INCOME TAX/CORPORATION TAX
Personal service companies (IR 35)

[2011] UKFTT 313 (TC)

TC01174

 

 

 

Appeal number TC/2010/1565

 

National Insurance - earnings of worker supplied by service company - provision of services through intermediary – Company contracting to provide computer services – whether, if arrangements had taken the form of a contract between the worker and the client, the worker would have been employed by the client under a contract of service – No – Appeal allowed- Social Security Contribution (Intermediaries) regulations 2000, SI 2000/727, reg 6 (1) (c). 

 

FIRST-TIER TRIBUNAL

 

TAX

 

E C R CONSULTING LIMITED Appellant

 

 

- and -

 

 

THE COMMISSIONERS FOR HER MAJESTY’S

REVENUE AND CUSTOMS Respondents

 

 

 

TRIBUNAL: DAVID S PORTER (JUDGE)

ALBAN W HOLDEN (MEMBER)

Sitting in public at Albion House, Leeds on 17 and 18 February 2011

 

 

Matthew Boddington, a tax consultant, for the Appellant

 

Tony Burke, a tax inspector, instructed by the General Counsel and Solicitor to HM Revenue and Customs, for the Respondents

 

 

© CROWN COPYRIGHT 2011


DECISION

 

1.       E C R Consulting Ltd (ECR), appeals against the decision and determinations issued on 3 December 2007 in respect of liability to National Insurance Contributions (NIC) for the period 6 April 2002 to 27 March 2005 and liability  to PAYE income tax for each of the years 2002/03, 2003/04, and 2004/05. The decision and determinations were made pursuant to what is commonly known as the IR35 legislation, and related to arrangements where ECR indirectly provided the services of its sole director and shareholder, Miss Richardson, to Vertex Data Services (VDS) during the relevant period.

2.       The decision was made under Social Security Contributions (Intermediaries) regulations 2000, SI 2000/727 Regulation 6 (4) and the determination under Income Tax (Pay as You Earn) Regulations 2003, SI 2003/2682, Regulation 82

3.       ECR did not provide Miss Richardson’s service directly to VDS, but did so through arrangements with an agency company, Best People Ltd / Spring Technology. Miss Richardson is a highly skilled IT worker specialising in software development.

4.       Mr Matthew Boddington, a tax consultant with Accountax Specialist Tax Advisers appeared on behalf of Miss Richardson and called her to give evidence. Mr Tony Burke, from the Appeals and Reviews Unit at Leeds, appeared for HMRC and called Miss Hilary Harrison, a compliance officer, Miss Linda Brown, a team leader employed by VDS, and Mr Graham Holmes, a senior manager at VDS to give evidence. All the witnesses gave evidence under oath and we were provided with agreed bundles.

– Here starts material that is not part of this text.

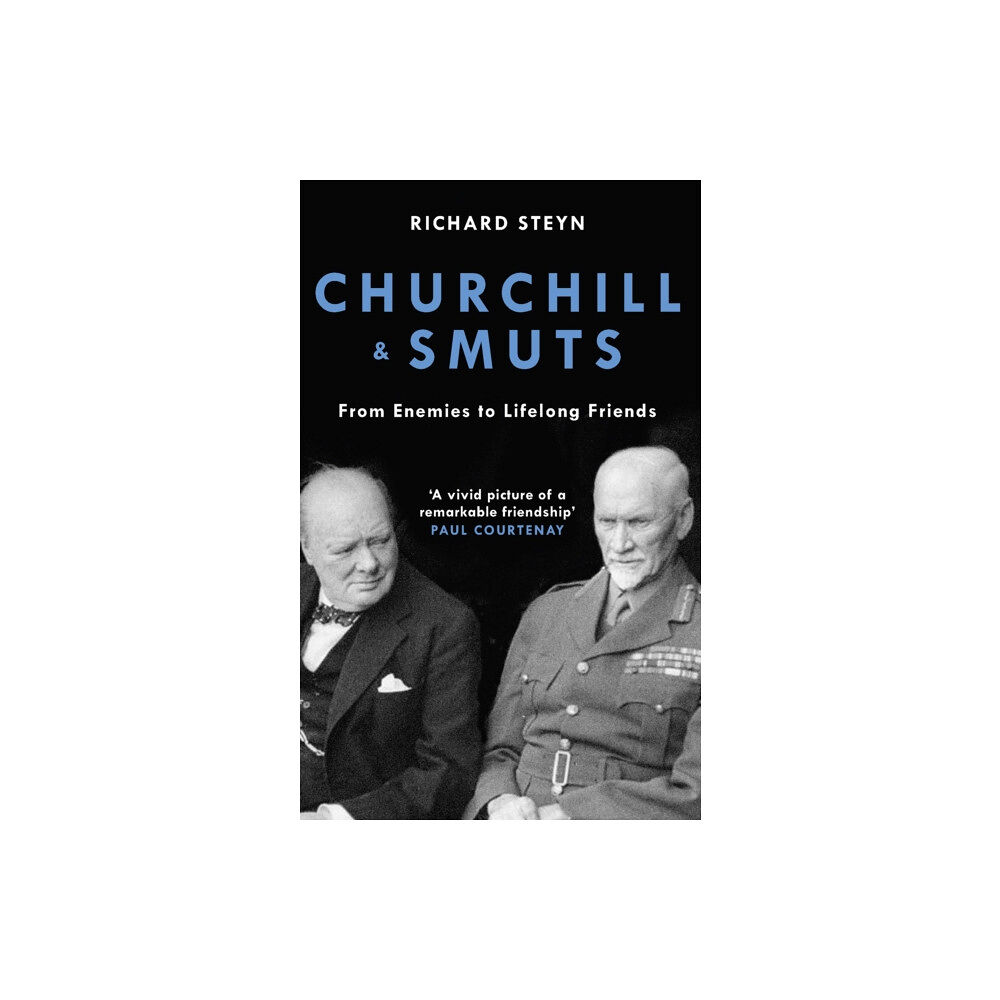 Little, Brown Book Group Churchill & Smuts (häftad, eng)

5.       We were referred to a substantial number of cases the principle ones being :-

·       Ready Mixed Concrete (South East) Ltd v Minister of Pensions and National Insurance [1968] 2 QB 497

·       Mersey Docks and Harbour Board v Coggins & Griffiths (Liverpol) Ltd [1946] UKHL 1

·       Hall (H M Inspector of Taxes) v Lorimer [1992] 1 WLR 939 (CA)

·       Dragonfly Consultancy Limited v The Commissioners for her majesty’s Revenue and Customs[2008] EWHC 2113 (Ch)

·       Nethermere (St Neots) Limited v Gardiner [1984] I.C.R. 612

·       Lime-it Ltd v Justin (office of the Board of Inland Revenue)[2003] STC (SCD)15

·       Tilbury Consulting Ltd v Margaret Gittins ( H M Inspector of Taxes) [2003] SPC 3020

·       Market Investigations Limited v Minister of Social Security [1969] 2 QB 173

·       Stoddart v Cawder Golf Club [2001] EAT/87300

·       Express and Echo Publications Limited v Ernest Tanton [1999] EATRF 98/0528/3

The LAW

6.       Regulation 6 (1) of the Social security Contributions (Intermediaries) Regulations 2000, SI 2000/727 made under the Social Security Contributions and Benefits Act 1992 (the 1992 Act) provides:

‘These regulations apply where-

a.      an individual (“the worker”) personally performs, or is under an obligation personally to perform, services for the purposes of a business carried on by another person (“the client”),

b.     the performance of those services by the worker is carried out, not under a contract directly between the client and the worker, but under arrangements involving an intermediary, and

c.      the circumstances are such that, had the arrangements taken the form of a contract between the worker and the client, the worker would have been regarded for the purposes of parts 1 to V of the 1992 Act  as employed in employed earner’s employment by the client.’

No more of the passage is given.